Noninvasive tests that can be used in place of liver biopsy to diagnose fibrosis have major limitations. They either leave a significant proportion of patients without a definitive diagnosis or produce inaccurate results. Moreover, the performance of these tests is lower in HIV/hepatitis C virus (HCV) coinfection. Against this background, we examined the utility of serum matrix metalloproteinase 2 (MMP-2) and tissue inhibitor of metalloproteinase 1 (TIMP-1) measurements in combination with routine clinical data to predict fibrosis in HIV/HCV-coinfected patients.

METHODS:

Patients with a liver biopsy who had not received anti-HCV therapy were included in the study. A model including variables independently associated with fibrosis was constructed. Diagnostic accuracy was determined by measuring the area under the receiver operating characteristic curve (AUROC). Positive (PPV) and negative (NPV) predictive values were calculated.

RESULTS:

Ninety patients were included in the study. Aspartate aminotransferase (AST), platelet count and MMP-2 were predictors of significant fibrosis (F≥2) and cirrhosis (F4). A score constructed using these variables yielded an AUROC of 0.76 for F≥2 and 0.88 for F4. Score cut-offs detected (value ≥3.5) and excluded (value ≤1.5) F≥2 with a PPV of 87% and an NPV of 88%. Thirty-one patients (34%) were correctly diagnosed using these cut-offs, with four (13%) incorrect classifications.

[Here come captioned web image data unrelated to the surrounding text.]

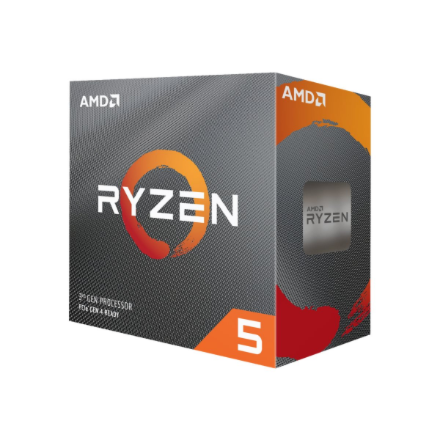 Procesorius AMD Ryzen™ 5 3600
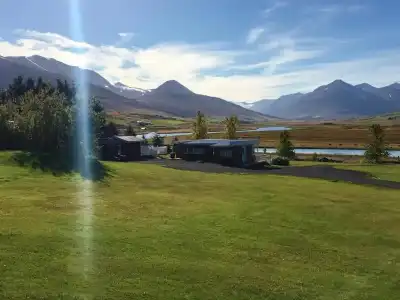 Höfði Cottages - 20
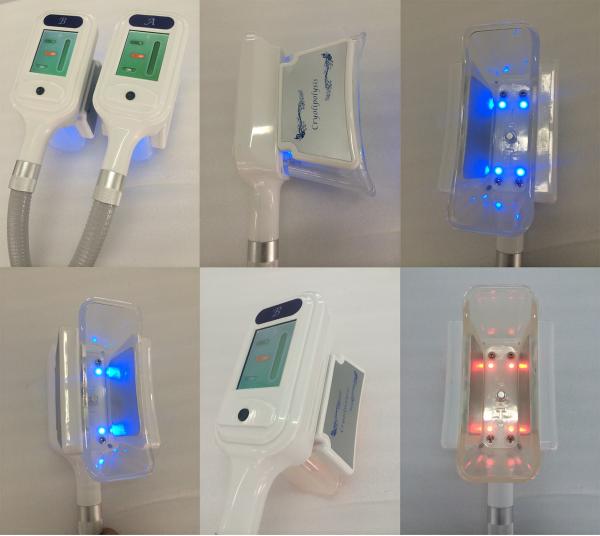 CE FDA Approved 2 Handles 8 Inch Screen Best Fast Slim Body Shaping fat freezing Cryolipolysis Machine For Beauty Salon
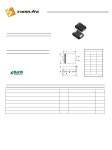 SMC40 datasheet(1/5 Pages) SUNMATE | SURFACE MOUNT TRANSIENT VOLTAGE SUPPESSOR DIODE SMC40 datasheet(1/5 Pages) SUNMATE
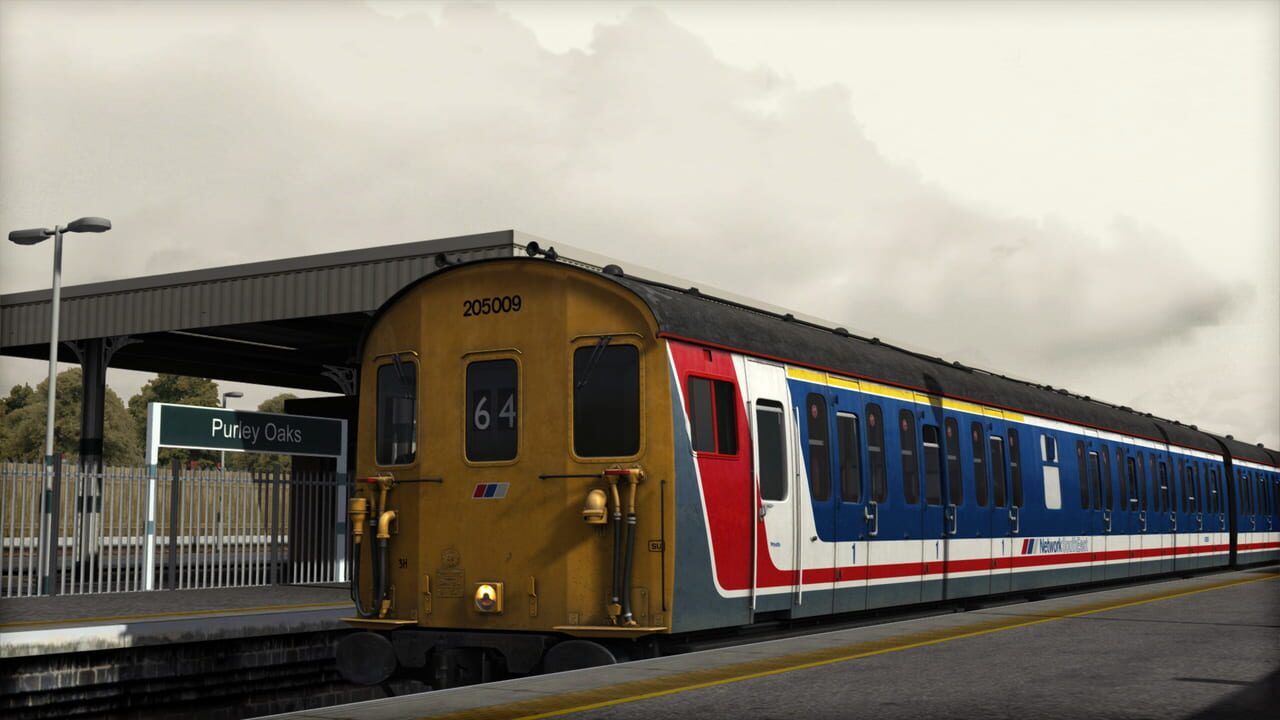 Train Simulator: Network Southeast Class 205 ‘Thumper’ DEMU Add-On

Cirrhosis was excluded with a certainty of 98% and diagnosed with a probability of 83%. Two (17%) of 12 patients were misclassified as having cirrhosis. The AST to platelet count index and MMP-2 levels were sequentially applied to detect F≥2. Forty-one patients (46%) were identified with this approach, with six (15%) misclassifications.

CONCLUSION:

MMP-2 levels can be used in combination with AST and platelet count to aid the diagnosis of liver fibrosis in HIV/HCV-coinfected patients.